A week after Russia’s invasion of Ukraine prompted global condemnation and unprecedented economic sanctions, clarity about the sanctions’ goals will be key to attempts to de-escalate the conflict – amid signs that European unity may be waning, Cornell faculty experts said during a March 4 panel discussion.
Sanctions rapidly triggered a financial crisis in Russia and economies tied to it, but became less clear as they were expanded, with demands ranging from a ceasefire to Russian withdrawal to ending Vladimir Putin’s rule, said Nicholas Mulder, assistant professor in the Department of History in the College of Arts and Sciences (A&S).
Mulder, author of “The Economic Weapon: The Rise of Sanctions as a Tool of Modern War,” said the severe sanctions on an economy as large as Russia’s represent “uncharted territory.” It will be vital, he said, for the United States, European Union and other partners to be clear about how sanctions might be pulled back in response to specific steps.
“That could be the difference between this war dragging on for months and even years, and us achieving a ceasefire, which will protect civilians and give us opportunity to reach negotiated settlements,” Mulder said. “Making those clear sanctions demands I think is the most important thing right now that we can do.”
Mulder was one of five faculty members who shared insights during “Russia’s War on Ukraine: A New Attack on Peace, Rights and Sovereignty,” hosted by the Mario Einaudi Center for International Studiesin cooperation with A&S and the Cornell Jeb E. Brooks School of Public Policy.
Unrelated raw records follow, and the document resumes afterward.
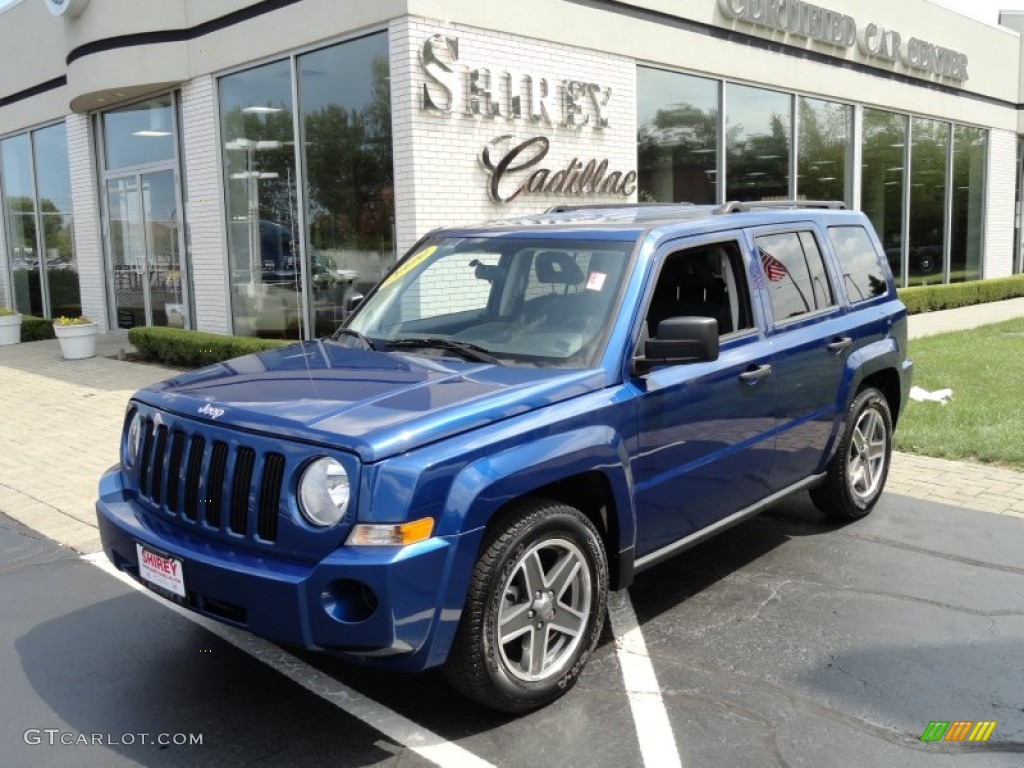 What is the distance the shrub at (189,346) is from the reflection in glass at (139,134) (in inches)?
123

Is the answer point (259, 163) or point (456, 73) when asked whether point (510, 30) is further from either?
point (259, 163)

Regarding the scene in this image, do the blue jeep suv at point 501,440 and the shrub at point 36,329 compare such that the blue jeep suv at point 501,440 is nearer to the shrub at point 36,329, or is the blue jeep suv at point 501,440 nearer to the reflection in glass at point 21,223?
the shrub at point 36,329

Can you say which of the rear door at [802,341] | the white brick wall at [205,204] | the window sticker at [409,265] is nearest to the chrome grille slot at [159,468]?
the window sticker at [409,265]

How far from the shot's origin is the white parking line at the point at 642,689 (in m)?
3.30

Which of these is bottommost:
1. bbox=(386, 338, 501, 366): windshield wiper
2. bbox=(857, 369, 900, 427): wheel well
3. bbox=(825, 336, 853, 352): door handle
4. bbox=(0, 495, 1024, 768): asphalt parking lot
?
bbox=(0, 495, 1024, 768): asphalt parking lot

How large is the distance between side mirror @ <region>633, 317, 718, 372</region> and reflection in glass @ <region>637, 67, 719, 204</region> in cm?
986

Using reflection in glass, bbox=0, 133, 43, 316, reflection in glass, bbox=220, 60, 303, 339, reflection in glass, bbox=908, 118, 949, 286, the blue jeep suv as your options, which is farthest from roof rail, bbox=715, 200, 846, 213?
reflection in glass, bbox=0, 133, 43, 316

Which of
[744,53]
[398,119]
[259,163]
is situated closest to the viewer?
[398,119]

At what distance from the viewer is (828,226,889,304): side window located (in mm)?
5660

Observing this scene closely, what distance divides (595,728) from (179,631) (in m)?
2.04

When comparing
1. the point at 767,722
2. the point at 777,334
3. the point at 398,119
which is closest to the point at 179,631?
the point at 767,722

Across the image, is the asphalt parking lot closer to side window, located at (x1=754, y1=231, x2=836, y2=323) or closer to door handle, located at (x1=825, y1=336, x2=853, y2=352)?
door handle, located at (x1=825, y1=336, x2=853, y2=352)

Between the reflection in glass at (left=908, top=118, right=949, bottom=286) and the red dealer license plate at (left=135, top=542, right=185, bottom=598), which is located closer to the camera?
the red dealer license plate at (left=135, top=542, right=185, bottom=598)

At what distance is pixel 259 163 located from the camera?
42.2 feet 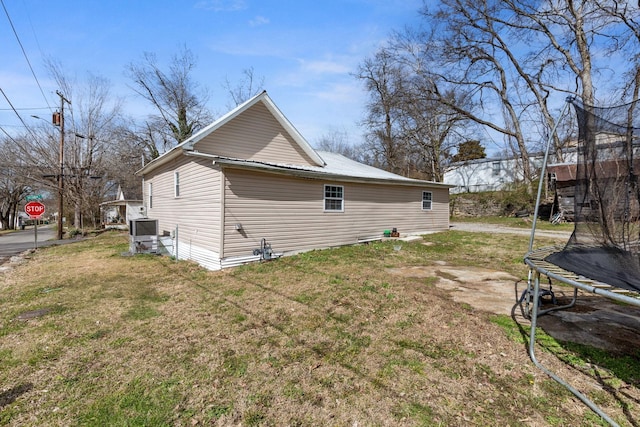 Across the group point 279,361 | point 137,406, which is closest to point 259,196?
point 279,361

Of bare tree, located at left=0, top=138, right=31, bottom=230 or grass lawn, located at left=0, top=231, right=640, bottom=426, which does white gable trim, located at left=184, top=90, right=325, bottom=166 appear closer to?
grass lawn, located at left=0, top=231, right=640, bottom=426

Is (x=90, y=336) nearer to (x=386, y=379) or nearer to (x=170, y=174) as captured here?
(x=386, y=379)

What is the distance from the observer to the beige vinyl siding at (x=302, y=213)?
783 centimetres

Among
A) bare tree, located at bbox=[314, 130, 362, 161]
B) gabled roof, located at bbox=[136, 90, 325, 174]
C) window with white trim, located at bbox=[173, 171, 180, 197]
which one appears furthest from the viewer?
bare tree, located at bbox=[314, 130, 362, 161]

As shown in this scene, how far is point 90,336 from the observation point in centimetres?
374

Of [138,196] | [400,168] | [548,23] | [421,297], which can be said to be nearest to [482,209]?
[400,168]

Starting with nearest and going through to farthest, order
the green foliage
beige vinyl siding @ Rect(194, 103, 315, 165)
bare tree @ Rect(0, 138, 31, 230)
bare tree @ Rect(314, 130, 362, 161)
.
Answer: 1. the green foliage
2. beige vinyl siding @ Rect(194, 103, 315, 165)
3. bare tree @ Rect(0, 138, 31, 230)
4. bare tree @ Rect(314, 130, 362, 161)

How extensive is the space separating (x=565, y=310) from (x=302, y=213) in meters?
6.64

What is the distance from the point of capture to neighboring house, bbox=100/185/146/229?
24531 millimetres

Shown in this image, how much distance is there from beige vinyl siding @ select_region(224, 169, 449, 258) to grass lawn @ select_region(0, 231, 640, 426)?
2456 mm

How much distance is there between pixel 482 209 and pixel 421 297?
2159 cm

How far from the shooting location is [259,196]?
8211 mm

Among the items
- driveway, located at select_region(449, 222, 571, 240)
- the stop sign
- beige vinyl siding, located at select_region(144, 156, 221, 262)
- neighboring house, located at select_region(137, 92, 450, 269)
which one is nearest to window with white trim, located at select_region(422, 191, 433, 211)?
neighboring house, located at select_region(137, 92, 450, 269)

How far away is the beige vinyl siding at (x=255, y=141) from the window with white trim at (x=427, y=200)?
6.32m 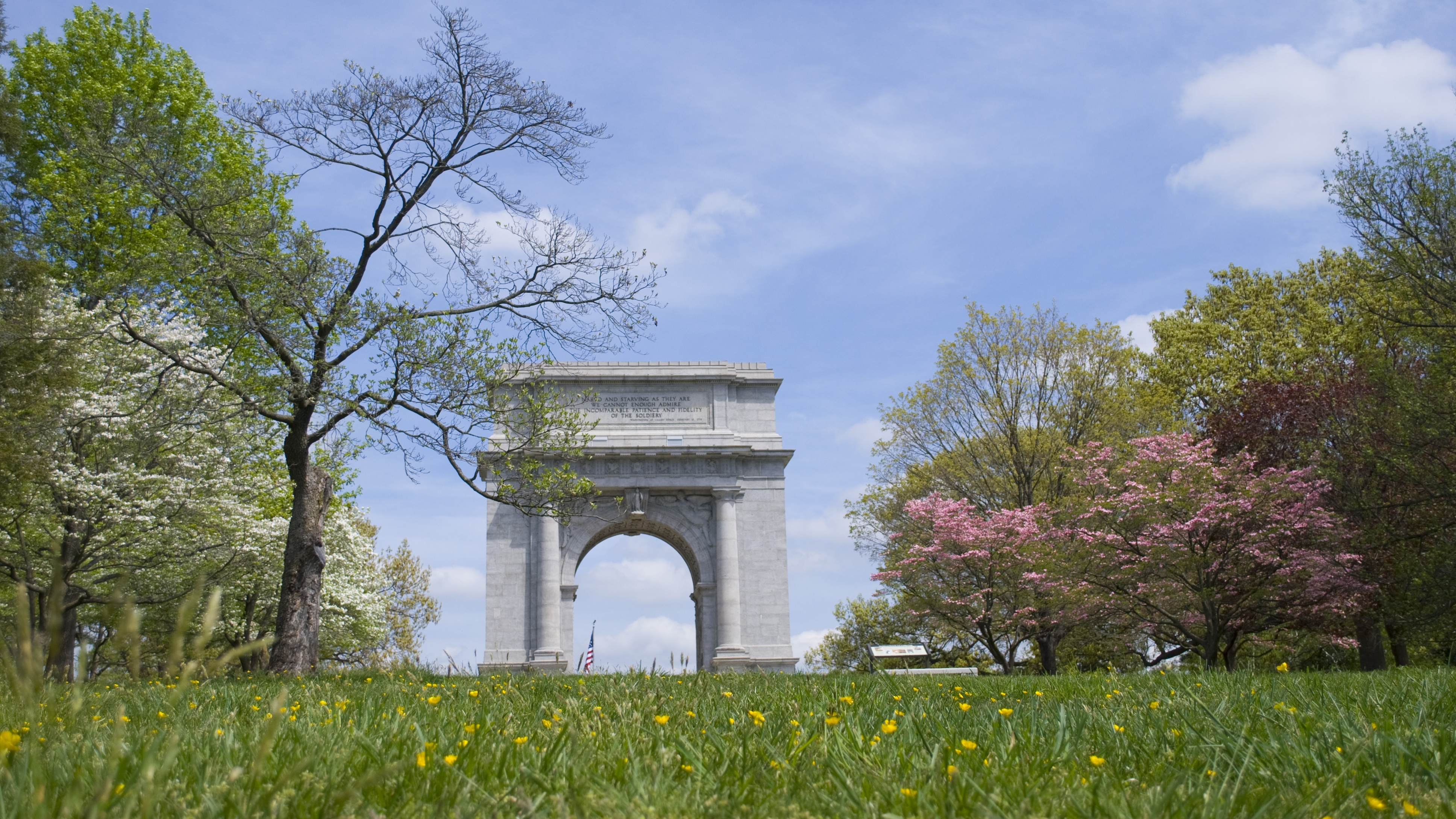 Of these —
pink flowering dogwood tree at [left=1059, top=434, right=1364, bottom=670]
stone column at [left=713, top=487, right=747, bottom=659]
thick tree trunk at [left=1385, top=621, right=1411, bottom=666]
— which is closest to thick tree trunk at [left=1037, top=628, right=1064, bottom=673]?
pink flowering dogwood tree at [left=1059, top=434, right=1364, bottom=670]

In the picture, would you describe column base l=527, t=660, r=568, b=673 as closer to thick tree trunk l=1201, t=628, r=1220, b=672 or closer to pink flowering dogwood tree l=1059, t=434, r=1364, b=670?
pink flowering dogwood tree l=1059, t=434, r=1364, b=670

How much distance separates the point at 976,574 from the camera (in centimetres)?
2967

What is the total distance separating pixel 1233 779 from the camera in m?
3.02

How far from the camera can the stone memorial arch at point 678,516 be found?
2969cm

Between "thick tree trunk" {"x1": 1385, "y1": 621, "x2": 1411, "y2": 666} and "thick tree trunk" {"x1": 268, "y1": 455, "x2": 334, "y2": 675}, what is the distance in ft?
73.6

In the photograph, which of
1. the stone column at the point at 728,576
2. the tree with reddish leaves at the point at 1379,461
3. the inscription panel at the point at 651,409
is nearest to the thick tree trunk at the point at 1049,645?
the tree with reddish leaves at the point at 1379,461

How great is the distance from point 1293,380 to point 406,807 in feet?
102

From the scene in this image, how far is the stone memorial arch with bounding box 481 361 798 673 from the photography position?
29688 mm

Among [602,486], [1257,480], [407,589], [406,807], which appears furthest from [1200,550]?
[407,589]

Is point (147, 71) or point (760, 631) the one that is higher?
point (147, 71)

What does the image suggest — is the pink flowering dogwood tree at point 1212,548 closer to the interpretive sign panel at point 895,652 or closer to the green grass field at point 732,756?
the interpretive sign panel at point 895,652

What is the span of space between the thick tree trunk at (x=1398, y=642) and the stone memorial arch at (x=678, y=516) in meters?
15.2

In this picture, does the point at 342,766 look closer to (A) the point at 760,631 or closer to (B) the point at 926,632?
(A) the point at 760,631

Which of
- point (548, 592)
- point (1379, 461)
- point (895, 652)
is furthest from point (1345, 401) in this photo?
point (548, 592) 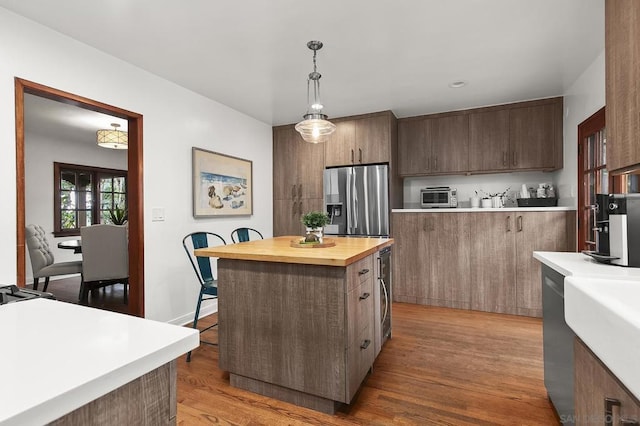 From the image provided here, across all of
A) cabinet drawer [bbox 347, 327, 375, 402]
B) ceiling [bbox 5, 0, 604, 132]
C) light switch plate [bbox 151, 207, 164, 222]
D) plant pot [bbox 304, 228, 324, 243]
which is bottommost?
cabinet drawer [bbox 347, 327, 375, 402]

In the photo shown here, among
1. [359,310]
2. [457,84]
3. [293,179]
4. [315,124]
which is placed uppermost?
[457,84]

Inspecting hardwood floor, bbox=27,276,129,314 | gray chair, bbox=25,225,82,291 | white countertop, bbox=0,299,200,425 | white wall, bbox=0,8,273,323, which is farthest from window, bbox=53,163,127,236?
white countertop, bbox=0,299,200,425

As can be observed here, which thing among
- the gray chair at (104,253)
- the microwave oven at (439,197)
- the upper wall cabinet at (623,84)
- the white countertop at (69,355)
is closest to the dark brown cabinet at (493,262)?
the microwave oven at (439,197)

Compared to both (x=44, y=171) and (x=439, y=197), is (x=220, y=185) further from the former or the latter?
(x=44, y=171)

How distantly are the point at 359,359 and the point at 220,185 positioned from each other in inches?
99.7

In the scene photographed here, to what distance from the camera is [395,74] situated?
9.69 feet

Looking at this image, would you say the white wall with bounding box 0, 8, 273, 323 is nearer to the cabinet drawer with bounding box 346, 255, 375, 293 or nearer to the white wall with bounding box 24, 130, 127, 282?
the cabinet drawer with bounding box 346, 255, 375, 293

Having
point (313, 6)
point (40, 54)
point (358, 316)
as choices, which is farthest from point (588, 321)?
point (40, 54)

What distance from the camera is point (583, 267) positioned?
4.75ft

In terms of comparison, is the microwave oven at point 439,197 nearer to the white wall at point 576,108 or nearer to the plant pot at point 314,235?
the white wall at point 576,108

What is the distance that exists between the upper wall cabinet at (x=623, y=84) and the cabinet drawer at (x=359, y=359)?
1573 mm

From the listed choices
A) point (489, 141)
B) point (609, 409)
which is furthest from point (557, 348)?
point (489, 141)

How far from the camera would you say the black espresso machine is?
1.44m

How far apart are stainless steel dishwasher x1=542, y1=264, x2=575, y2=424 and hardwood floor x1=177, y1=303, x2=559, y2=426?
0.66 ft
The panel also included Dmitry Bykov, a Russian writer and dissident and scholar at risk hosted by the Einaudi Center.
The webinar was livestreamed to the public, while some members of the university community gathered to watch in Statler Hall. The event took place hours after the Interfaith Council held a prayer vigil on Ho Plaza in solidarity with the Ukrainian people, and after multiple rallies by students in recent days.
Introducing the faculty discussion, Wendy Wolford, vice provost for international affairs and the Robert A. and the Ruth E. Polson Professor in the Department of Global Development in the College of Agriculture and Life Sciences, said the university community could strive to make a difference through education and engagement in the world.
“We can stand together as a refuge and a bridge,” Wolford said. “As a community, we can take a stand for learning as the means to support the foundations of a better life.”
Rachel Beatty Riedl, the John S. Knight Professor of International Studies director of the Einaudi Center, and professor in the Department of Government (A&S) and in the Cornell Brooks School, moderated the panel.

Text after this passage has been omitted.